To understand why abstract reasoning is critical for general intelligence, consider Archimedes’ famous “Eureka!” moment: by noticing that the volume of an object is equivalent to the volume of water that the object displaces, he understood volume at a conceptual level, and was therefore able to reason about the volume of other irregularly shaped objects.
We would like AI to have similar capabilities. While current systems can defeat world champions in complicated strategic games, they often struggle on other apparently simple tasks, especially when an abstract concept needs to be discovered and reapplied in a new setting. For example, if specifically trained to only count triangles, then even our best AI systems can still fail to count squares, or any other previously unencountered object.
To build better, more intelligent systems it is therefore important to understand the ways in which neural networks are currently able to process abstract concepts, and where they still need improvement. To begin doing this, we took inspiration from the methods used to measure abstract reasoning in human IQ tests.
Standard human IQ tests often require test-takers to interpret perceptually simple visual scenes by applying principles that they have learned through everyday experience. For example, human test-takers may have already learned about ‘progressions’ (the notion that some attribute can increase) by watching plants or buildings grow, by studying addition in a mathematics class, or by tracking a bank balance as interest accrues. They can then apply this notion in the puzzles to infer that the number of shapes, their sizes, or even the intensity of their colour will increase along a sequence.
We do not yet have the means to expose machine learning agents to a similar stream of ‘everyday experiences’, meaning we cannot easily measure their ability to transfer knowledge from the real world to visual reasoning tests. Nonetheless, we can create an experimental set-up that still puts human visual reasoning tests to good use. Rather than study knowledge transfer from everyday life to visual reasoning problems (as in human testing), we instead studied knowledge transfer from one controlled set of visual reasoning problems to another.
To achieve this, we built a generator for creating matrix problems, involving a set of abstract factors, including relations like ‘progression’ and attributes like ‘colour’ and ‘size’. While the question generator uses a small set of underlying factors, it can nonetheless create an enormous number of unique questions.
Next, we constrained the factors or combinations available to the generator to create different sets of problems for training and testing our models, to measure how well our models can generalise to held-out test sets. For instance, we created a training set of puzzles in which the progression relation is only encountered when applied to the colour of lines, and a test set when it is applied to the size of shapes. If a model performs well on this test set, it would provide evidence for an ability to infer and apply the abstract notion of progression, even in situations in which it had never previously seen a progression.
In the typical generalisation regime applied in machine learning evaluations, where training and test data are sampled from the same underlying distribution, all of the networks we tested exhibited good generalisation error, with some achieving impressive absolute performance at just above 75%. The best performing network explicitly computed relations between different image panels and evaluated the suitability of each potential answer in parallel.

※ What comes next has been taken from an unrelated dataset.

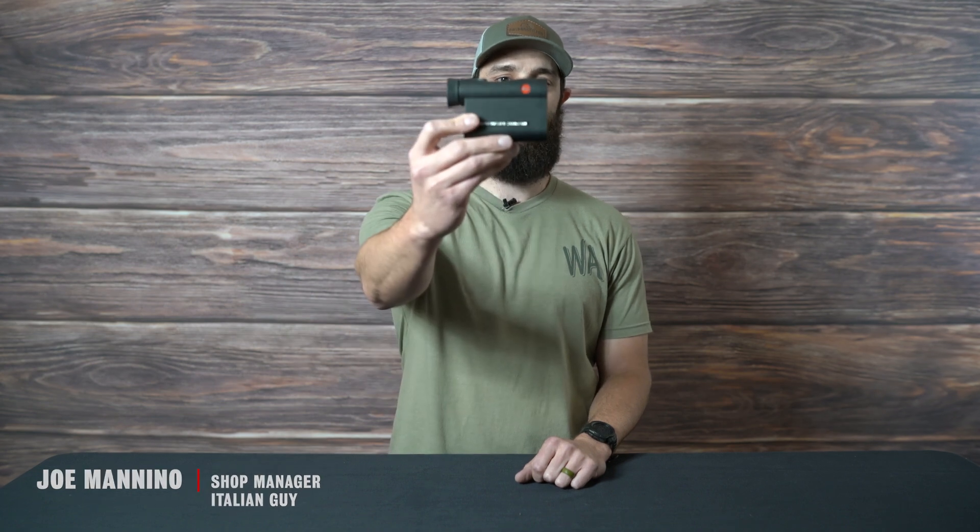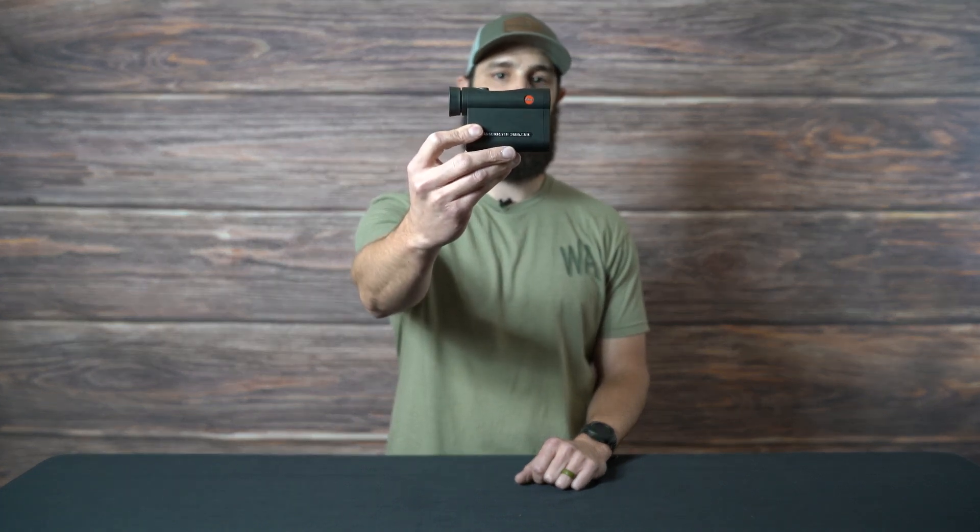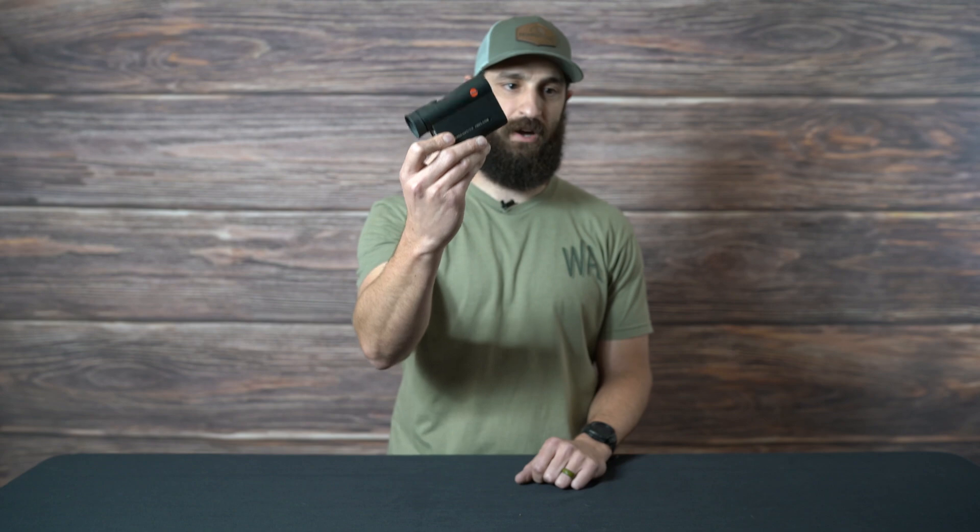Hi, what's going on guys? This is Joe at Outdoorsman's. I wanted to talk to you today about the Rangemaster 2800 from Leica. This is honestly my favorite range finder on the market right now.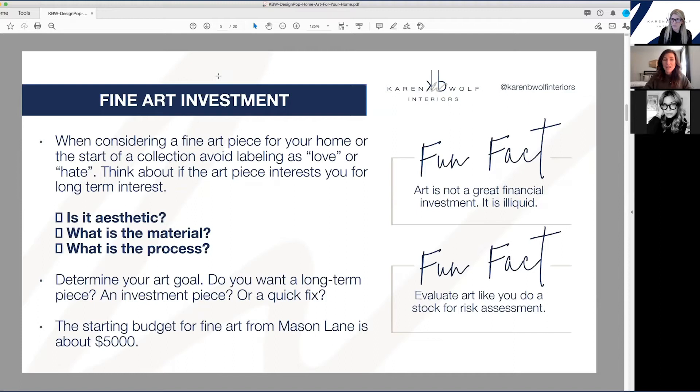Very important point: art is a terrible investment. You shouldn't buy it purely for investment purposes — it's extremely illiquid. But that said, it's nice to buy something that will appreciate, and there are ways to assess that. There's no crystal ball with any of this, but there's no crystal ball with real estate or the stock market either. The best way to think about it is in the same way you would assess a stock for a traditional financial market.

We call this architecture a Wild Relation Network (WReN).
When required to reason using attribute values ‘interpolated’ between previously seen attribute values, and also when applying known abstract relations in unfamiliar combinations, the models generalised notably well. However, the same network performed much worse in the ‘extrapolation’ regime, where attribute values in the test set did not lie within the same range as those seen during training. An example of this occurs for puzzles that contain dark coloured objects during training and light coloured objects during testing. Generalisation performance was also worse when the model was trained to apply a previously seen relation, such as a progression on the number of shapes, to a new attribute, such as size.
Finally, we observed improved generalisation performance when the model was trained to predict not only the correct answer, but also the ‘reason’ for the answer (i.e. the particular relations and attributes that should be considered to solve the puzzle). Interestingly, in the neutral split, the model’s accuracy was strongly correlated with its ability to infer the correct relation underlying the matrix: when the explanation was right, the model would choose the correct answer 87% of the time, but when its explanation was wrong this performance dropped to only 32%. This suggests that models which achieved better performance when they correctly inferred the abstract concepts underlying the task.
Recent literature has focussed on the strengths and weaknesses of neural network-based approaches to machine learning problems, often based around their capacity or failure to generalise. Our results show that it might be unhelpful to draw universal conclusions about generalisation: the neural networks we tested performed well in certain regimes of generalisation and very poorly in others. Their success was determined by a range of factors, including the architecture of the model used and whether the model was trained to provide an interpretable “reason” for its answer choices. In almost all cases, the systems performed poorly when required to extrapolate to inputs beyond their experience, or to deal with entirely unfamiliar attributes; creating a clear focus for future work in this critical, and important area of research.